▸ **Aim of the exercise**: The listing below is to be copied exactly, with pictures excluded.

▸ **Collected material**:
-*-*-

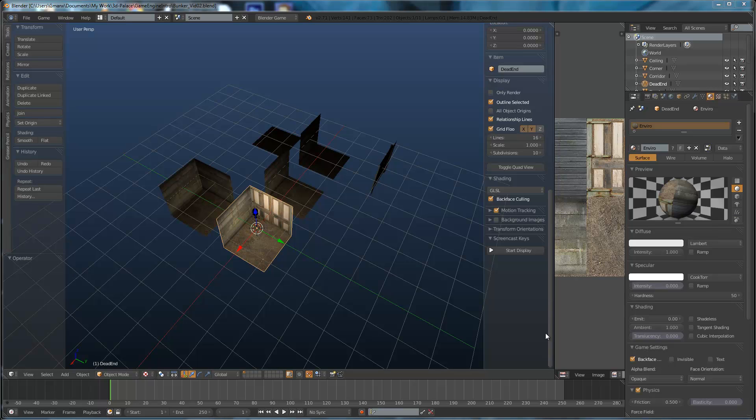Okay, welcome everybody to episode 2. This is video 2 in the introduction to the Blender Game Engine series.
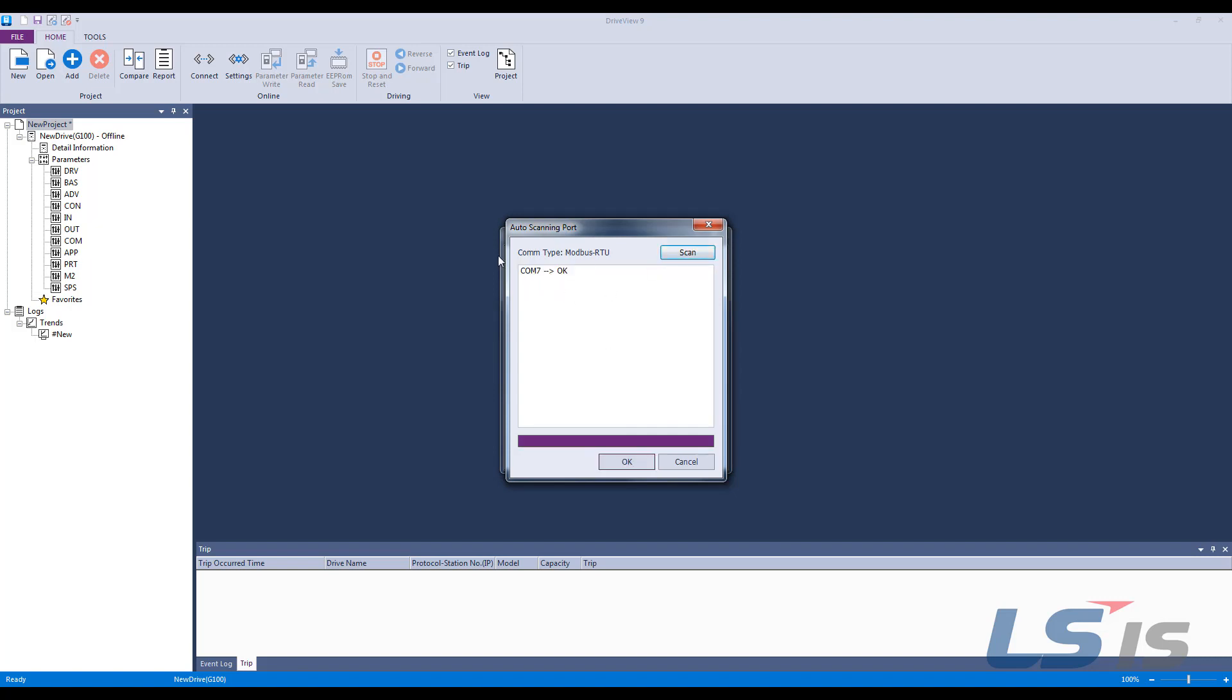This should result in a COM port being listed with OK next to it. If NG, make sure that the driver is installed properly and the cable is secure. If you still have an issue, confirm that the baud rate is 9600.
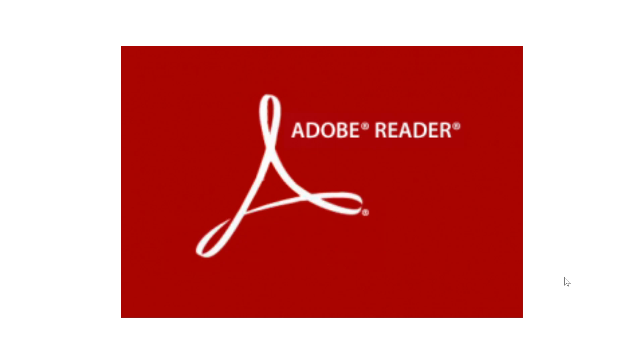Anybody out there using Adobe software like Adobe Reader for PDFs, or if you are creating PDFs with Adobe Acrobat, or if you have Photoshop, make sure that you update to the latest version.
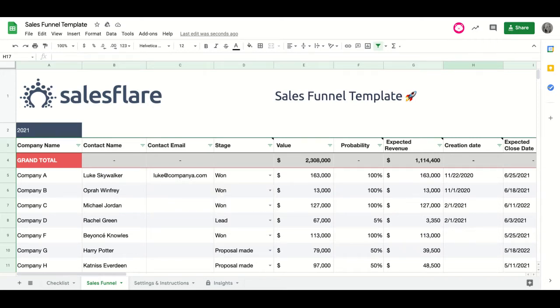Hi there, I'm Carrie from SalesFlare and today I will show you how our free CRM or sales funnel template works.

-*-*-

▸ **Exercise result**:
Okay, welcome everybody to episode 2. This is video 2 in the introduction to the Blender Game Engine series.
This should result in a COM port being listed with OK next to it. If NG, make sure that the driver is installed properly and the cable is secure. If you still have an issue, confirm that the baud rate is 9600.
Anybody out there using Adobe software like Adobe Reader for PDFs, or if you are creating PDFs with Adobe Acrobat, or if you have Photoshop, make sure that you update to the latest version.
Hi there, I'm Carrie from SalesFlare and today I will show you how our free CRM or sales funnel template works.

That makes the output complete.